Moving back and forth between 1958 and 1985, the story tells
of seven children in a small Maine town who discover the
source of a series of horrifying murders. Having conquered
the evil force once, they are summoned together 27 years
later when the cycle begins again. As usual, the requisite
thrills are in abundance, and King's depiction of youngsters
is extraordinarily accurate and sympathetic. But there is
enough material in this epic for several novels and stories,
and the excessive length and numerous interrelated
flashbacks eventually become wearying and annoying.
Nevertheless, King is a born storyteller, and It will
undoubtedly be in high demand among his fans. BOMC main
selection. Eric W. Johnson, Univ. of Bridgeport Lib., Ct.
The New York Times Book Review - Walter Wager
Where did Stephen King, the most experienced crown
prince of darkness, go wrong with It? Almost everywhere.
Casting aside discipline, which is as important to a writer
as imagination and style, he has piled just about everything
he could think of into this book and too much of each thing
as well. . . .Determined to keep the shocks appearing every
20 pages or so, Mr. King has conscientiously spiced his
story with deadly flying leeches, an awful eye slightly
larger than a beer truck, a homicidal bird with the wingspan
of a jet fighter and other lethal lollapaloozas created by
the enormously powerful mind-bodyof It. The book is not
merely a bizarre bestiary, however. This ambitious novel is
a tale of the fundamental struggle between good and evil.
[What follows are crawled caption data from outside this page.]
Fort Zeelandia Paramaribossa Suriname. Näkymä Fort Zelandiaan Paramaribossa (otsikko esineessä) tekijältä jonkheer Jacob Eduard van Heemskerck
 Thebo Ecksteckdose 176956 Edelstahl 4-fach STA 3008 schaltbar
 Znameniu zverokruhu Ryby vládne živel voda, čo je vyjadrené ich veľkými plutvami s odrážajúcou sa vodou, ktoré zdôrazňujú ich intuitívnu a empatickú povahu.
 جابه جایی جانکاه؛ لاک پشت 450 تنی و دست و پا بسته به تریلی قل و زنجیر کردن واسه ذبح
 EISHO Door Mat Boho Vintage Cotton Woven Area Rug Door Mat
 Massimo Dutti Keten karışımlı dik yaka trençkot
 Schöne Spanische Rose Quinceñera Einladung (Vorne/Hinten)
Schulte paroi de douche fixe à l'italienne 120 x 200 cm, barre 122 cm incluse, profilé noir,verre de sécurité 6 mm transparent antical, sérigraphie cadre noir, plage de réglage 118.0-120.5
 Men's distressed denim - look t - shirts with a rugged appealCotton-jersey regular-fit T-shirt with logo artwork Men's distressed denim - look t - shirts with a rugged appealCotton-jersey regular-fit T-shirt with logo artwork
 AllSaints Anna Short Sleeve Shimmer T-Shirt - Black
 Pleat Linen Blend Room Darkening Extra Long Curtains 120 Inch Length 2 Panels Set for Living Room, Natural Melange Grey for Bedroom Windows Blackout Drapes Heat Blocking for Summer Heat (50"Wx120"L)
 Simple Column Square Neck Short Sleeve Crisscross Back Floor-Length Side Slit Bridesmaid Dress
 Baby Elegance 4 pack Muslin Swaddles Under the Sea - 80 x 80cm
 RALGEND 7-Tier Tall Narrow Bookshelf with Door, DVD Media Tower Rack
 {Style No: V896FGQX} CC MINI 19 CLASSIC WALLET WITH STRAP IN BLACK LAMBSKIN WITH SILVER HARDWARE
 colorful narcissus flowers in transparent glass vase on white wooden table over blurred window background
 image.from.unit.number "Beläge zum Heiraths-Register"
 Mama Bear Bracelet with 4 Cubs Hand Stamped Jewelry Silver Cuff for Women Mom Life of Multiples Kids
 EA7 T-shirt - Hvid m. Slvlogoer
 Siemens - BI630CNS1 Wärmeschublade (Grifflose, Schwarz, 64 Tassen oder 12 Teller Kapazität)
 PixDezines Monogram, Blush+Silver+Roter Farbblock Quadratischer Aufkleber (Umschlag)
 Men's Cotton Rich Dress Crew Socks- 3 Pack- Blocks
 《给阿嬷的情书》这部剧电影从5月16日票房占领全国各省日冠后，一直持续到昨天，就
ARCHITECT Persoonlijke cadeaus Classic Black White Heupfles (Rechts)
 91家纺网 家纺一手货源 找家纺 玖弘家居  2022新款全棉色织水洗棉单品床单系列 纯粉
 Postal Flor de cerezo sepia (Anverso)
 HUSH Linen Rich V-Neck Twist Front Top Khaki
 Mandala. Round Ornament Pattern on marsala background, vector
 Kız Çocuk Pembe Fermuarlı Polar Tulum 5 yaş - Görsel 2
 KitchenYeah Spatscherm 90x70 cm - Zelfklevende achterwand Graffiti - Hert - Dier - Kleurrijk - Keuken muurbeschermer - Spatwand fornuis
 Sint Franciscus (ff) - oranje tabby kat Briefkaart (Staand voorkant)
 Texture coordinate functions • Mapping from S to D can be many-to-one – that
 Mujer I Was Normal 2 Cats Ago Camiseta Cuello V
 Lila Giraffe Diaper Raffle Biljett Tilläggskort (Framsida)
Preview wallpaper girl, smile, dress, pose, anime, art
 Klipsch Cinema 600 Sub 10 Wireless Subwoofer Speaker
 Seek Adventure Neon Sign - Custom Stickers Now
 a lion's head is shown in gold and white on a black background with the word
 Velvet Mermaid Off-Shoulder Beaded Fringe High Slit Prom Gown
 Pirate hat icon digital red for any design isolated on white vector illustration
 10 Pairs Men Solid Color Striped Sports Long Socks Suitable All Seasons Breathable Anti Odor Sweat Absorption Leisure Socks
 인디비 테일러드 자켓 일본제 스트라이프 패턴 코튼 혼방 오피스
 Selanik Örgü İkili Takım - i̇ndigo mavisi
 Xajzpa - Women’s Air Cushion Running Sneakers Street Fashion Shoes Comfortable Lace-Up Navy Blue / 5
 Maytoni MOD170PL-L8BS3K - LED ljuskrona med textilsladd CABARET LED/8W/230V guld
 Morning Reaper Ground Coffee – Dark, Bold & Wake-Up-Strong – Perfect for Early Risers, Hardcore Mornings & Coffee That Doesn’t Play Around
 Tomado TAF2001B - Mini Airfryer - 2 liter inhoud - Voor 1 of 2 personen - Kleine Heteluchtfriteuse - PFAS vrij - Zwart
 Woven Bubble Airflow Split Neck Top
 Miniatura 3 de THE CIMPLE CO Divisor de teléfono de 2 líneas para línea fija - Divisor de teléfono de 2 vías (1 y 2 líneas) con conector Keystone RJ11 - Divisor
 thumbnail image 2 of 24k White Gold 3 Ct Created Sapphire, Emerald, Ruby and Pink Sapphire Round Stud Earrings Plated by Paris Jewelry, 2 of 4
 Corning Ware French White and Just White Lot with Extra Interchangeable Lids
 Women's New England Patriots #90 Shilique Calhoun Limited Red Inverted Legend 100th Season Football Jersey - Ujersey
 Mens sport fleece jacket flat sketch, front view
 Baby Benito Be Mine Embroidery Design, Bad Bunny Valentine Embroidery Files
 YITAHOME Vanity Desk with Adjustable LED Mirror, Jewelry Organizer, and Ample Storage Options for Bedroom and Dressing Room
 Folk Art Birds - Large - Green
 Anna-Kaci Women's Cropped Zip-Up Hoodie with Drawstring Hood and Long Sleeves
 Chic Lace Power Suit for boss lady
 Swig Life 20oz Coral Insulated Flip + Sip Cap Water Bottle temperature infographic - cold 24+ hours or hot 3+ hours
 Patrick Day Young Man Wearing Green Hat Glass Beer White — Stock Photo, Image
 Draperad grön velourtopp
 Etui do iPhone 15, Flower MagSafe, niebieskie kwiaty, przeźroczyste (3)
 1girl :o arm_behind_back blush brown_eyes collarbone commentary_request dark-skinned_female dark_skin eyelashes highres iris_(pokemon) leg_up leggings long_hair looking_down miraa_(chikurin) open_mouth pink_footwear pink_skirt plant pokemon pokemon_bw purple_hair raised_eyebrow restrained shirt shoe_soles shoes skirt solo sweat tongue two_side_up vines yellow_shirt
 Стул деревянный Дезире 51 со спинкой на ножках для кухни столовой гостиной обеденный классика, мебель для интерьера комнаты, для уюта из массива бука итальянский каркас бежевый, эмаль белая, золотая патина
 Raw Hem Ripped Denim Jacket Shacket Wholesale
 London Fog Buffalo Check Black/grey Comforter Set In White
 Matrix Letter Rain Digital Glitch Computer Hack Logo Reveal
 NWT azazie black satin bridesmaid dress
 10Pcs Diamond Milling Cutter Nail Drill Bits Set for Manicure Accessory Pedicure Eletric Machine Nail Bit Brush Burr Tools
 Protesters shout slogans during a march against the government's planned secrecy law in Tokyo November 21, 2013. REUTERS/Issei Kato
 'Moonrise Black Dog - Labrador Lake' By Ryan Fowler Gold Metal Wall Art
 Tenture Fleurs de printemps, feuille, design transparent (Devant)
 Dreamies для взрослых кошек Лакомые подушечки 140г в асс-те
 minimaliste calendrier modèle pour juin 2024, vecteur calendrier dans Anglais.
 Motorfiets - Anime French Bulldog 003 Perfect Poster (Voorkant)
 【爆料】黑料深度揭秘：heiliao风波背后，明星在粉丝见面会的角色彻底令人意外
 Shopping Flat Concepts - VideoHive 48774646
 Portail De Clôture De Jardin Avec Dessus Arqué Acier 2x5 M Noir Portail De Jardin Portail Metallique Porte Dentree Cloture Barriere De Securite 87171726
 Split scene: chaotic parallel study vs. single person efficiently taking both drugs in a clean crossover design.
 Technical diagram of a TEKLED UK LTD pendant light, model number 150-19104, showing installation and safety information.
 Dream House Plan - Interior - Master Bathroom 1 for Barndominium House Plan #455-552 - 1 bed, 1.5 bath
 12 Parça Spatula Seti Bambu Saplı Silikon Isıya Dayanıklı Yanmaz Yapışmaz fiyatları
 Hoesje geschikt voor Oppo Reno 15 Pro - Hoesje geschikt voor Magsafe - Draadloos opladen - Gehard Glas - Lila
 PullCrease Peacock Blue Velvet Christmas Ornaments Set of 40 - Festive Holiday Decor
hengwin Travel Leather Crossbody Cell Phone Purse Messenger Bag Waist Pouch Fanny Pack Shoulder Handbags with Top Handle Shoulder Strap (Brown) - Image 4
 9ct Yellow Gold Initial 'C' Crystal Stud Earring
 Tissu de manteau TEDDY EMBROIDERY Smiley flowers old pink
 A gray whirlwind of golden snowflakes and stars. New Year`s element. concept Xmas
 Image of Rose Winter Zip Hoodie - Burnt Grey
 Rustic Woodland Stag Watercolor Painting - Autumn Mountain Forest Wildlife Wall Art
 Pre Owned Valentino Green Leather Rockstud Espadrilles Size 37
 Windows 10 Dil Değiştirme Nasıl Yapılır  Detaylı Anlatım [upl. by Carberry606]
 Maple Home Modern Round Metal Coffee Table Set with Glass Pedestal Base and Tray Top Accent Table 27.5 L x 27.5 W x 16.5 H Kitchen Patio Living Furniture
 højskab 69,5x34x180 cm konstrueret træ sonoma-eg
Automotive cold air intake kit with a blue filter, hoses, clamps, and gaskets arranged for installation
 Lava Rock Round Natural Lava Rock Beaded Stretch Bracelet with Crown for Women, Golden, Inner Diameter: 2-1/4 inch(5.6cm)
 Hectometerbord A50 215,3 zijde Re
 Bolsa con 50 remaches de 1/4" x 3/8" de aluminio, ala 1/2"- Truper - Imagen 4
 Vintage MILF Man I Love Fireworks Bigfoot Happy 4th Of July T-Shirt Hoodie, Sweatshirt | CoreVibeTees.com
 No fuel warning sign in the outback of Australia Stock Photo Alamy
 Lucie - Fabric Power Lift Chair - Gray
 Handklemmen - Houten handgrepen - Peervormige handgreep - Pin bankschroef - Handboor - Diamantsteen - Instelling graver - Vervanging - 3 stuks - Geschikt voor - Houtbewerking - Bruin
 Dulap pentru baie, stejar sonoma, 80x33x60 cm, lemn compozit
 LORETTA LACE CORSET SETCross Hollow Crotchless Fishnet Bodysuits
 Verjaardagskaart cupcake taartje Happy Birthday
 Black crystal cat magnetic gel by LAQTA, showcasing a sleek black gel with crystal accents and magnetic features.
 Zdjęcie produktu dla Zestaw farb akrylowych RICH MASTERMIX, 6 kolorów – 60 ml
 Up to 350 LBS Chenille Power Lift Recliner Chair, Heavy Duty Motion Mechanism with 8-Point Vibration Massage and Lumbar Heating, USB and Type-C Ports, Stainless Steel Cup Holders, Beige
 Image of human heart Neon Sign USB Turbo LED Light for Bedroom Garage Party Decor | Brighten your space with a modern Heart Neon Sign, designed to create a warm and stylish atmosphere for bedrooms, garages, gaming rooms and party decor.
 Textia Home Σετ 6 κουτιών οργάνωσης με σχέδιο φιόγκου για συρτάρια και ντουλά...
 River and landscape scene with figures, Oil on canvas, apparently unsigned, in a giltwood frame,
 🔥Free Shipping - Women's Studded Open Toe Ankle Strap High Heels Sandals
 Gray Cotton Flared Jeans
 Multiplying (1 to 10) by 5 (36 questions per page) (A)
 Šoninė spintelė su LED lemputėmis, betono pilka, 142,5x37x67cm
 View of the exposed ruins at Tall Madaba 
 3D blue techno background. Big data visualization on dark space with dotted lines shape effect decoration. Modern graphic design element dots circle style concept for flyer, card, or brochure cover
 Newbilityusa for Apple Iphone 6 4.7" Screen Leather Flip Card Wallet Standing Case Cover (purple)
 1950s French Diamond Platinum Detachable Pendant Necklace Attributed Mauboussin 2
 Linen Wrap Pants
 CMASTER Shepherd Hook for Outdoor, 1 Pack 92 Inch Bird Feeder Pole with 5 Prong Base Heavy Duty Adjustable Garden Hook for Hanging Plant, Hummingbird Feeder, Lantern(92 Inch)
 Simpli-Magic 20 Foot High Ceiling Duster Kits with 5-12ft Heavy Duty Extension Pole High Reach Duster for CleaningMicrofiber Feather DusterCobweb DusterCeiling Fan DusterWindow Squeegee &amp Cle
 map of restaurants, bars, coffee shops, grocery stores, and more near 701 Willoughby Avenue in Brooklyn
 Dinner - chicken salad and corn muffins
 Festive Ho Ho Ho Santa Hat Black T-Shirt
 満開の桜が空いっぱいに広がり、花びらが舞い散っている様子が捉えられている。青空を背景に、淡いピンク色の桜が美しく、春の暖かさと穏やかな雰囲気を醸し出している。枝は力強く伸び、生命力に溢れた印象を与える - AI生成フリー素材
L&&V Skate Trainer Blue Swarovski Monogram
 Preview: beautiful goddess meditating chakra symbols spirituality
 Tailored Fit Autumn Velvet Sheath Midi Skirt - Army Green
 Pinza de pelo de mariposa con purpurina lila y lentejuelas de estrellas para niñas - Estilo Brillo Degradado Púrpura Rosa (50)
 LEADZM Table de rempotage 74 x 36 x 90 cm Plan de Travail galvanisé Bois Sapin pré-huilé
The Christian Science Monitor (Eastern edition) - Ron
Burnett
{This is} an impossibly long account of how a group of
children in Derry,Maine, battled, in 1958, the monster
('IT') only to discover that, in 1985, IT had somehow
returned. And so it seems must they for another grisly (in
every sense of the word) encounter. It is to gruesomeness
what the Sears Roebuck catalog is to things to buy. What's
available in depravity and perverse sexuality? Flip through
the Stephen King catalog and find out. The book has been
praised for its local color. King has been praised as a
Maine historian. Considering the color (red) and the history
(it's gross), I suspect that some Maine locals will wish
they had a different historian.
Newsweek
Stephen King's apparent desire to be a literary heavy
hitter weighs down his already elephantine new novel. . . .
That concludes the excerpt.